Data section =>
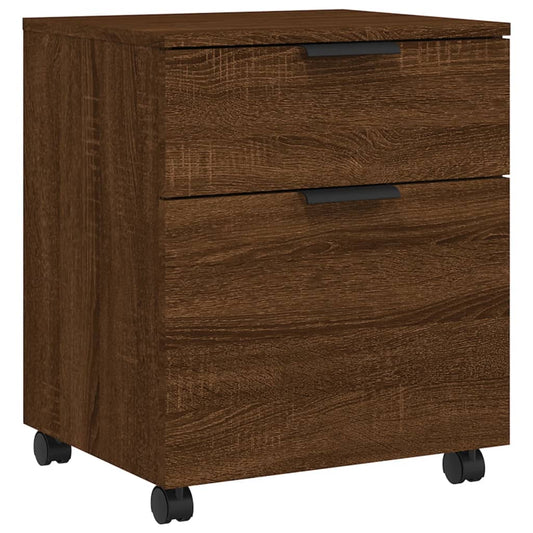vidaXL Αρχειοθήκη Φορητή Καφέ Δρυς 45x38x54 εκ. Επεξ. Ξύλο με Ρόδες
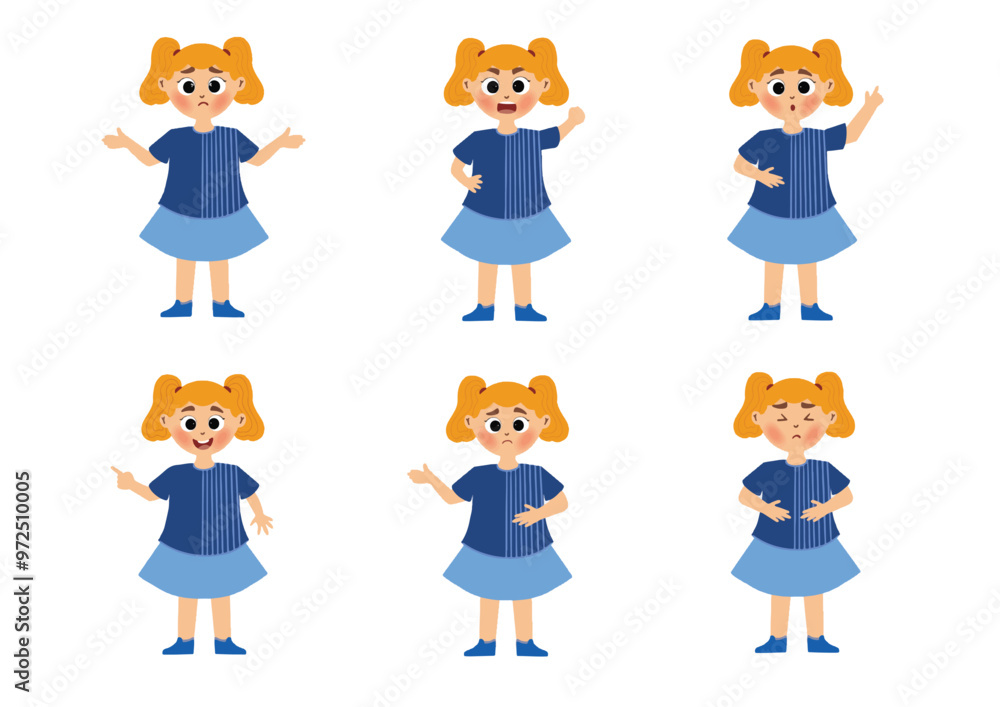 cute little girl in various expressions and movements cute little girl in various expressions and movements
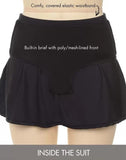 Red Loop Strap Blouson Tankini With A-Line Swim Skirt
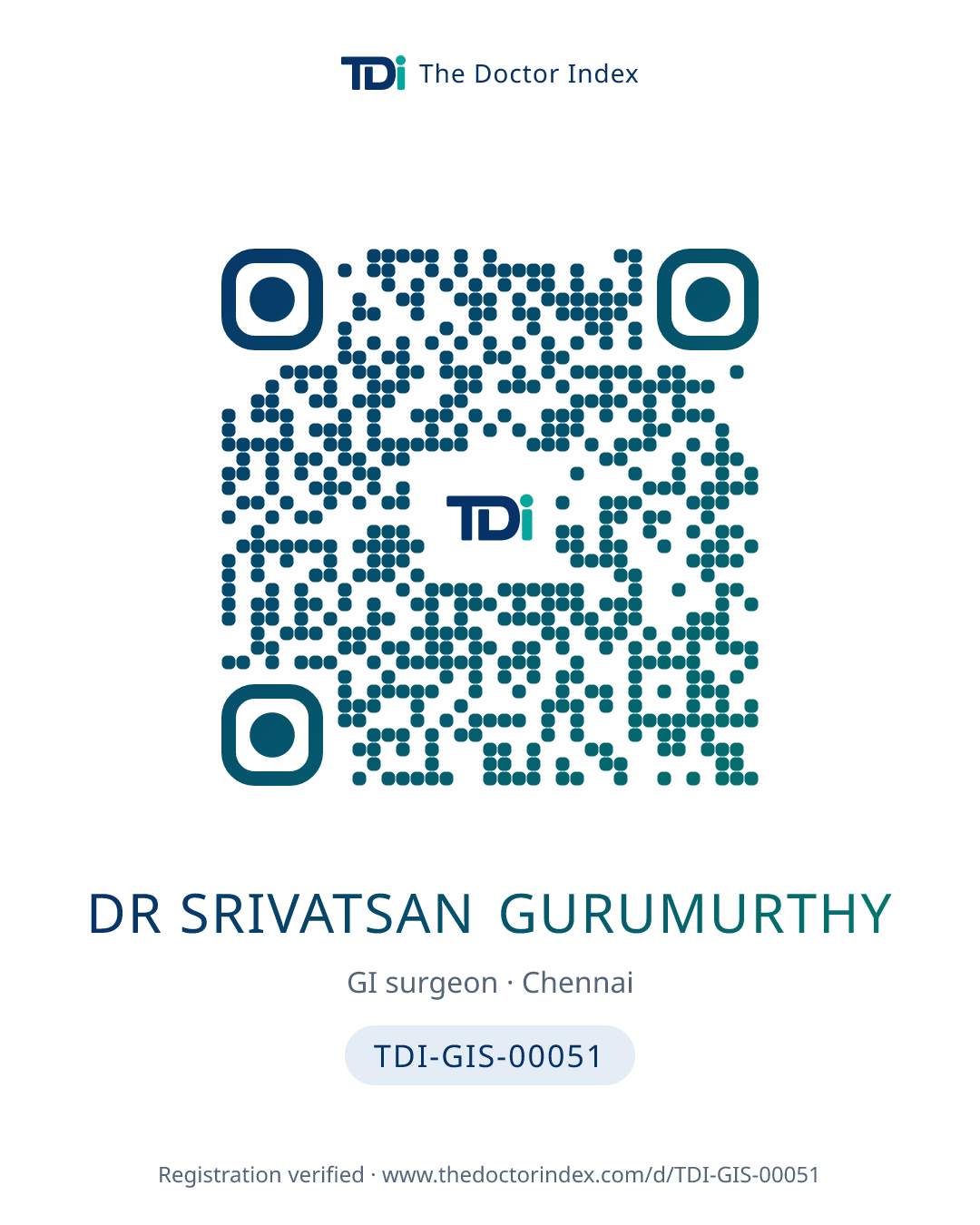 QR card for Dr Srivatsan Gurumurthy, TDI-GIS-00051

Your goal => Give back the entire listing verbatim, without the pictures.

The answer =>
vidaXL Αρχειοθήκη Φορητή Καφέ Δρυς 45x38x54 εκ. Επεξ. Ξύλο με Ρόδες
 cute little girl in various expressions and movements cute little girl in various expressions and movements
 Red Loop Strap Blouson Tankini With A-Line Swim Skirt
 QR card for Dr Srivatsan Gurumurthy, TDI-GIS-00051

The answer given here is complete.